Home care of older people: the revolution has started!
Brendan Martin, 25 November 2013
What a difference a week makes! The future of social care in Britain looks very different today than it did just last Monday, because of three big steps in the right direction.
1. Allied Healthcare, one of the biggest social care employers, announced it would do away with zero-hours contracts and give 15,000 staff the right to contracted hours from next April.
2. Then the London borough of Southwark became the first local authority to sign up to the Unison Ethical Care Charter, which commits it to “improving working terms and conditions for hundreds of local care workers”.

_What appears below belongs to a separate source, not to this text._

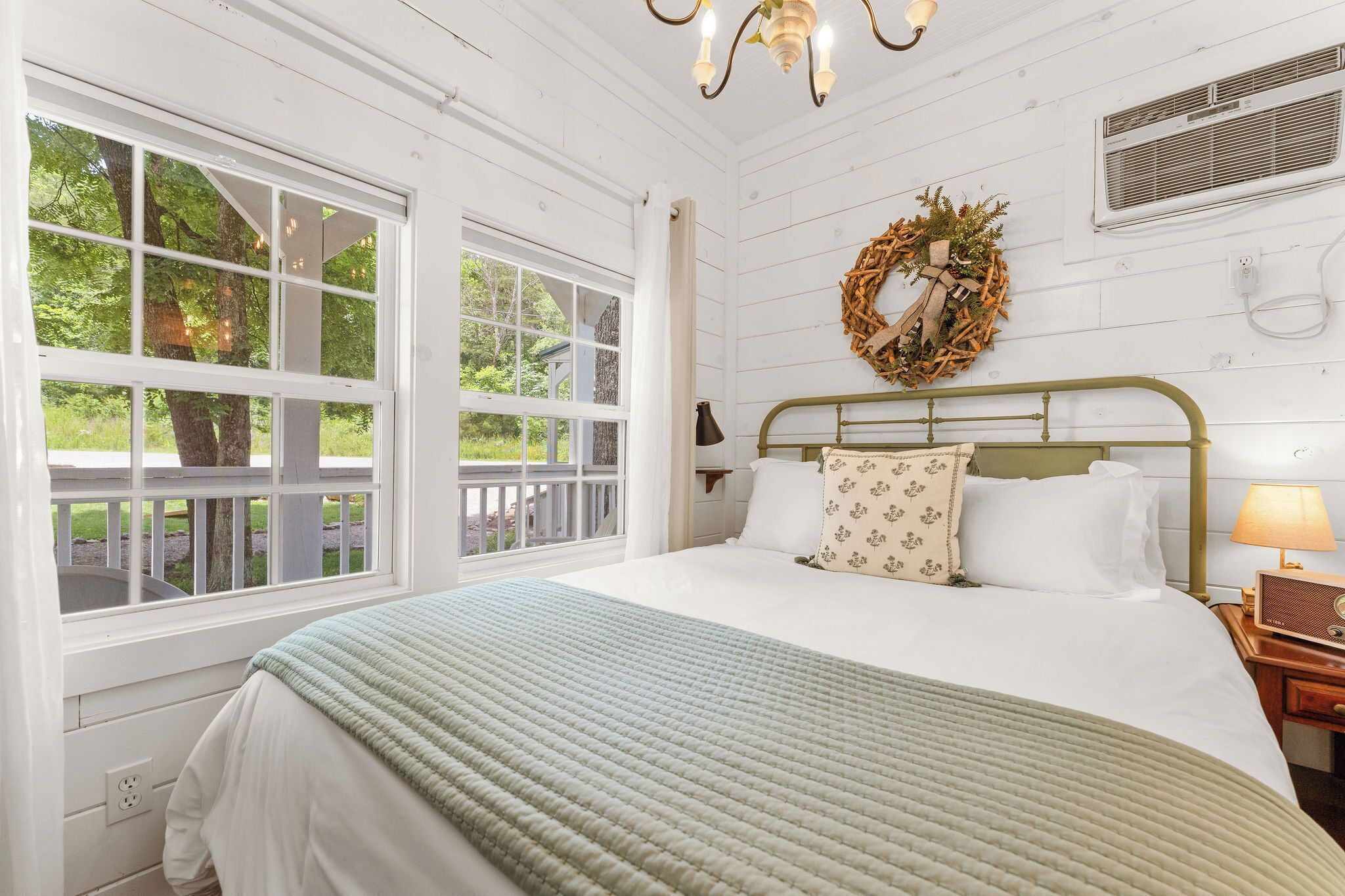 A bedroom with a large window, a bed with a green blanket, a nightstand with a lamp, and a wreath on the wall.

3. Now, the Guardian reports, Her Majesty’s Revenue and Customs has investigated 183 home care providers and found half of them are paying less than the minimum wage.
Does all this add up to the beginning of the end of one of our country’s biggest scandals – that of forcing some of the most valuable workers in Britain to be also among the most badly treated?
Let's hope so, but just because social norms are changing in that respect doesn’t mean that local authorities, service providers and personal commissioners of social care suddenly have more money.
Undoubtedly social care must have more resources, but demographic and other trends mean that it is not just government austerity policies that are piling on pressure to do more and better social care without a proportionate increase in resources.
So a second stage of a revolution in social care will be needed to ensure the first stage is completed, because without big increases in productivity we risk replacing low paid home care with less home care, through more rationing.
It means we need not only to change how home care workers are employed but also to innovate in how they work.
The problem is that the current model has a rigid structure of time-limited slots of care, as though the needs of an older person in her home don’t change from day to day.
So the carer is told to spend 15 minutes here or half an hour there, and to get that one out of bed and showered and the other one fed and watered.
Wouldn’t it be better if home care workers were organized in local teams able to adapt to changing needs day to day, or even hour to hour, through intelligent and self-managed co-ordination?
And wouldn’t that also mean that their clients could shape the services they receive more directly, and get to know more than one of the team, so that the frequent complaint of unknown replacement carers turning up could be reduced?
We are starting by looking at international experience, such as the Buurtzorg model in the Netherlands and the work of our Swedish partner, Alamanco, in Jönköping. Next year we aim to pilot our new approach in Britain.
The aim is to improve jobs and services in a way that will be affordable because of higher productivity. The current model, as well as encouraging low quality services and jobs, is also highly inefficient.